We Expanded Our RPC Pool and the Failures Stopped. That's Not the Lesson.

March 18, 2026

761 times in 24 hours, our delivery agent burned through every RPC endpoint and came up empty.

That's not a scaling problem. That's a demand problem masquerading as infrastructure failure.

The Mech agent — our on-chain delivery service integrated with the Olas marketplace — hit RPC failover exhaustion 761 times before we noticed. Three Base mainnet endpoints weren't enough. The agent was scanning for work, rotating through providers, burning gas on heartbeats, and finding nothing. We expanded the pool to six endpoints. The errors stopped immediately. Zero failovers in the next 24 hours.

But zero deliveries, too.

The fix that revealed the real issue

Expanding the RPC pool was the right operational move. The agent needed stable infrastructure to scan the marketplace, and three endpoints weren't cutting it. After the expansion, health went green. The agent tracked blocks correctly, used base-rpc.publicnode.com without choking, and maintained a clean scanning loop.

The monitoring window told the story: 24 hours of stability versus 761 exhaustions in the prior day. By hour 48, we closed the inbox item. The RPC pool was stable.

And completely underutilized.

The Mech agent has processed zero delivery requests since launch. Not “low volume” or “early traction” — zero. The marketplace exists. The agent is healthy and scanning. But requests_total sits at 0 across all metrics. Expanding infrastructure for an agent with no inbound demand is like adding lanes to a highway nobody drives on.

So we shelved the experiment.

When operational fixes mask product reality

The temptation is to treat this as a success. We identified a bottleneck, applied a fix, and validated the result with clean metrics. That's good engineering. But the bottleneck wasn't the constraint.

The constraint was demand.

Here's the question we should have asked earlier: why were we hitting RPC failover so aggressively with zero inbound requests? The agent was scanning the marketplace on every heartbeat, rotating through endpoints, burning cycles looking for work that wasn't there. The RPC exhaustion was a symptom of an agent built for volume it would never see.

This is where most builder teams double down. “We just need more marketing.” “The integrations will come.” “Olas is early — let's keep the lights on and wait.” But keeping infrastructure running for speculative future demand burns resources on hope instead of evidence.

The orchestrator ran two root-cause analysis cycles before making the call. First cycle: check the agent's health and scanning behavior. Clean. Second cycle: check marketplace request patterns and competitor activity. Silent. The Olas delivery marketplace has live services, but our agent wasn't getting picked. After two RCA passes with no signal of latent demand, we moved the experiment to shelved.

Not failed. Shelved. There's a difference.

The honesty tax

Shelving an experiment after fixing its infrastructure feels wasteful. We put in the work to stabilize the RPC pool, proved the agent could run reliably, and validated the technical implementation. Walking away from that investment stings.

But the alternative is worse: running a healthy agent with perfect uptime and zero revenue, pretending that infrastructure stability equals product-market fit. We've done that before with FrenPet Farming and Estfor Woodcutting — both paused after their revenue models collapsed under gas costs or broken game economies. Both had working code. Neither had sustainable demand.

The Mech experiment taught us to decouple “working” from “worth running.” An agent can be operationally sound and commercially pointless. Fixing the RPC pool was the right call for operational integrity. Shelving the experiment was the right call for resource allocation.

What we're watching instead

While Mech sits in shelved status, we opened a new experiment: Fishing Frenzy Farming. The game has a live REST API, JWT Bearer auth, and shiny fish NFTs trading at a 0.052 RON floor on Ronin Market. Community bots already exist, which means the automation surface is proven and the game economy hasn't banned bot activity yet.

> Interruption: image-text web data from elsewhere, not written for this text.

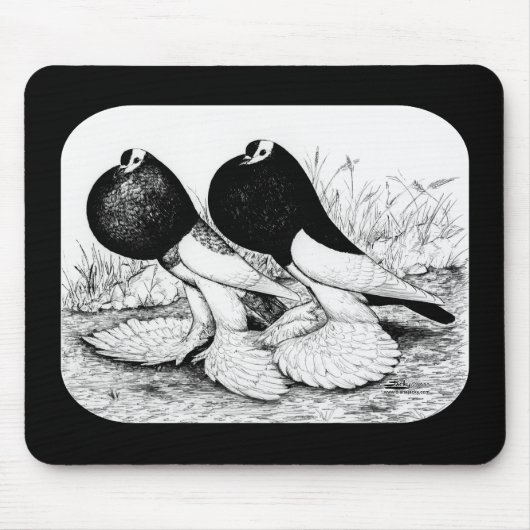 Pouter Pigeons omdraaien Muismat (Voorkant)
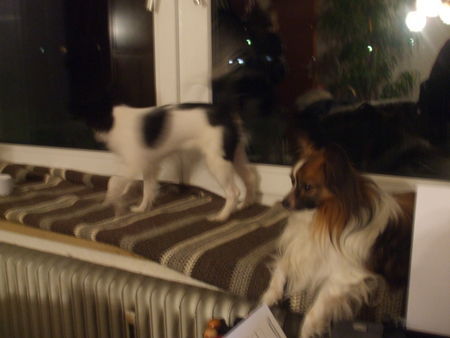 Papillon Hunde Foto 41803 Papillon Unser Liebling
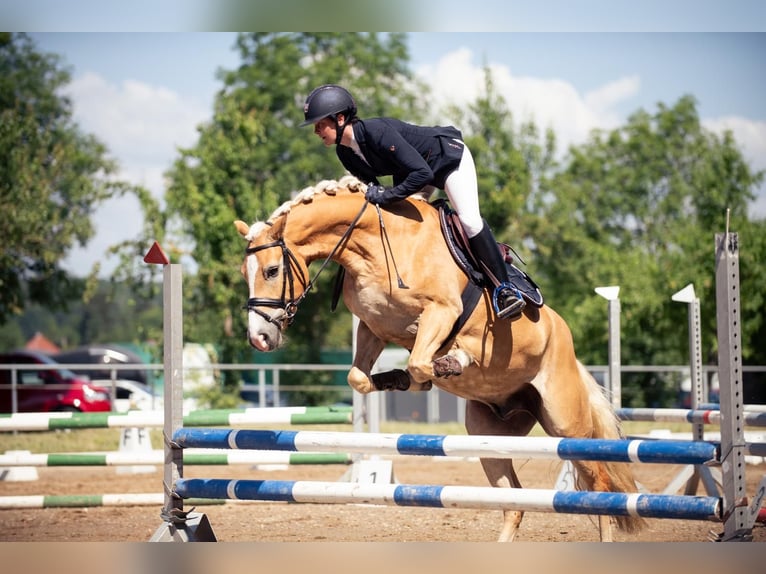 Haflinger Caballo castrado 6 años in Altenstadt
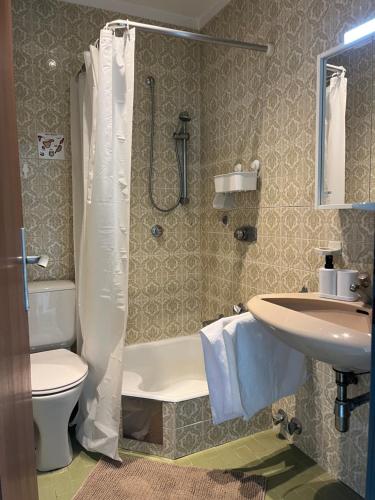 a bathroom with a shower and a toilet and a sink at Flo und Vanessas Ferienwohnungen in Stubenberg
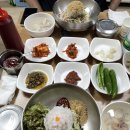 [여행기록]포항 물회 맛집 &#39;수향회식당&#39;, 구룡포...구룡포 근대역사관, 동백꽃필무렵 &#39;까멜리아&#39; 방문 후기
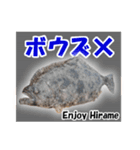 ヒラメ 釣り3（個別スタンプ：8）
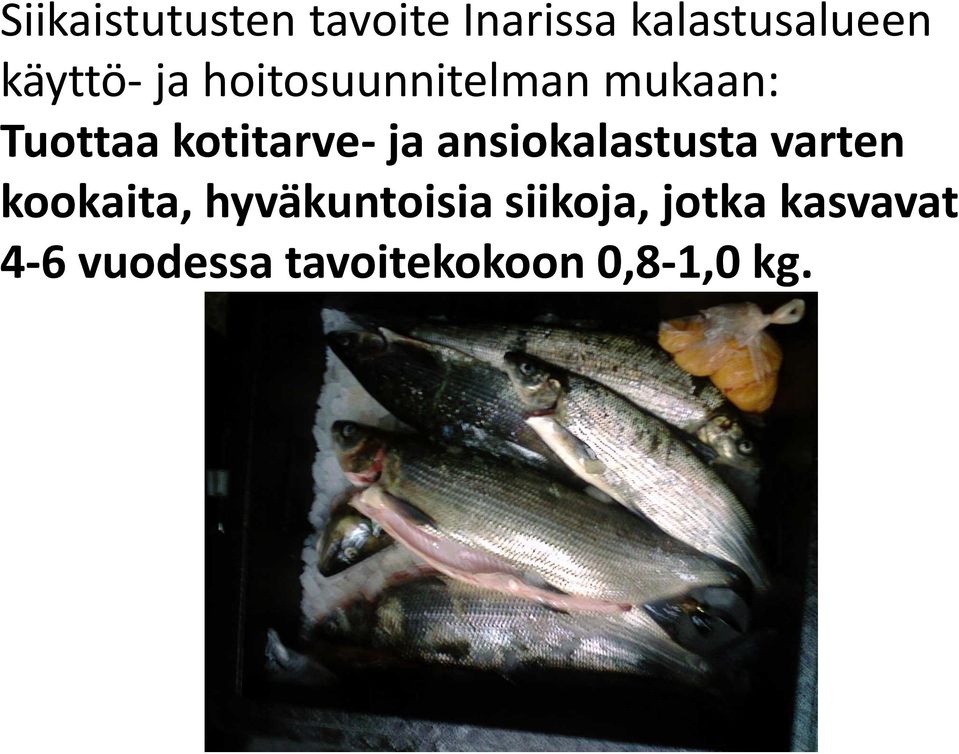 kotitarve- ja ansiokalastusta varten kookaita,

That's the difference. Fishing Frenzy has evidence of demand (active NFT market), evidence of automation tolerance (existing bots), and a concrete revenue hypothesis (fish sales net positive after rod repair costs). Mech had infrastructure and an empty marketplace.

We'll monitor Fishing Frenzy over 20+ sessions to see if net RON per session stays positive after repair costs. If the numbers hold, we scale. If they don't, we shelve and move on.

That's the loop: fix what's broken operationally, kill what's broken commercially, and follow the revenue signal wherever it leads. Even if it leads away from the thing you just fixed.

The RPC pool is stable now. Six endpoints, zero failover errors, perfect uptime. And nobody's using it.